• WORK ORDER
Look through the material below and copy exactly the lines from the line with "Colorful Florals Swirls Wide Tapestry" to the line with "2023-24 Topps Chrome", those two lines included.

• SOURCE RECORDS

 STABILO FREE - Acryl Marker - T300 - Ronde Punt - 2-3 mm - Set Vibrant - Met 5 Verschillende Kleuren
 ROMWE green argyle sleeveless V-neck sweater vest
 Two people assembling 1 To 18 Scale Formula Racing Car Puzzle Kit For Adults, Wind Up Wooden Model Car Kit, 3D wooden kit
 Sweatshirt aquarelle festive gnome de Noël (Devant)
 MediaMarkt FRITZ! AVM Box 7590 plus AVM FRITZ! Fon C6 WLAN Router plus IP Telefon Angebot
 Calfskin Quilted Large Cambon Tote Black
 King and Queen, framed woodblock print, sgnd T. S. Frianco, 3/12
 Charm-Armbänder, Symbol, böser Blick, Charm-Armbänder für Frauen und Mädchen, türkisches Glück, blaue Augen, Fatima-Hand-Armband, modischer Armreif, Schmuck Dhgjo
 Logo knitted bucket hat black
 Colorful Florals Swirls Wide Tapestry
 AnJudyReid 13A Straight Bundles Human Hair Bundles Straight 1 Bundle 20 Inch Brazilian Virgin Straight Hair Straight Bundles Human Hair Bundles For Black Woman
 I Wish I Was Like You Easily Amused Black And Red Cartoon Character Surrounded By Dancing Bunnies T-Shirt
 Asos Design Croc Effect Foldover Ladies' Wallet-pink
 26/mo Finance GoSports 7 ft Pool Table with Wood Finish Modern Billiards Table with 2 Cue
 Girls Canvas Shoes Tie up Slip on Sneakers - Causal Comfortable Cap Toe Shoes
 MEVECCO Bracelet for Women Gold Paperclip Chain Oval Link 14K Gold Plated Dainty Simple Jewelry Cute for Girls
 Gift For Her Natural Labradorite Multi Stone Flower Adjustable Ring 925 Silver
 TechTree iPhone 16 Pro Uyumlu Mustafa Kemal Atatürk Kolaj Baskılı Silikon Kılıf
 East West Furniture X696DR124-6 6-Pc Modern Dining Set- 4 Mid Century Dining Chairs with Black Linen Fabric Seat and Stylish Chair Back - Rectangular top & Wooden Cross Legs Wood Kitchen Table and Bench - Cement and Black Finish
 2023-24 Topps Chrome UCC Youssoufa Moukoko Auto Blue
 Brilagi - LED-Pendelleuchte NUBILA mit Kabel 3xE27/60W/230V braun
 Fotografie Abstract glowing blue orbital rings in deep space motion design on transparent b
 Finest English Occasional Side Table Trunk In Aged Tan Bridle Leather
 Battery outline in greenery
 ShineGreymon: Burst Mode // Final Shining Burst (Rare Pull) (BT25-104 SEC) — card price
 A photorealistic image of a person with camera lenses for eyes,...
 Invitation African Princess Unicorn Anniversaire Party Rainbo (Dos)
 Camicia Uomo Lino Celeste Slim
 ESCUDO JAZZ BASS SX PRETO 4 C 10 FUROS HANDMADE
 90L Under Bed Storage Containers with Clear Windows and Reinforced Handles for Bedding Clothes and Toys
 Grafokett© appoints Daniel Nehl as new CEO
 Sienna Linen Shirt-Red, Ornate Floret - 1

• ANSWER TO THIS PROBLEM
 Colorful Florals Swirls Wide Tapestry
 AnJudyReid 13A Straight Bundles Human Hair Bundles Straight 1 Bundle 20 Inch Brazilian Virgin Straight Hair Straight Bundles Human Hair Bundles For Black Woman
 I Wish I Was Like You Easily Amused Black And Red Cartoon Character Surrounded By Dancing Bunnies T-Shirt
 Asos Design Croc Effect Foldover Ladies' Wallet-pink
 26/mo Finance GoSports 7 ft Pool Table with Wood Finish Modern Billiards Table with 2 Cue
 Girls Canvas Shoes Tie up Slip on Sneakers - Causal Comfortable Cap Toe Shoes
 MEVECCO Bracelet for Women Gold Paperclip Chain Oval Link 14K Gold Plated Dainty Simple Jewelry Cute for Girls
 Gift For Her Natural Labradorite Multi Stone Flower Adjustable Ring 925 Silver
 TechTree iPhone 16 Pro Uyumlu Mustafa Kemal Atatürk Kolaj Baskılı Silikon Kılıf
 East West Furniture X696DR124-6 6-Pc Modern Dining Set- 4 Mid Century Dining Chairs with Black Linen Fabric Seat and Stylish Chair Back - Rectangular top & Wooden Cross Legs Wood Kitchen Table and Bench - Cement and Black Finish
 2023-24 Topps Chrome UCC Youssoufa Moukoko Auto Blue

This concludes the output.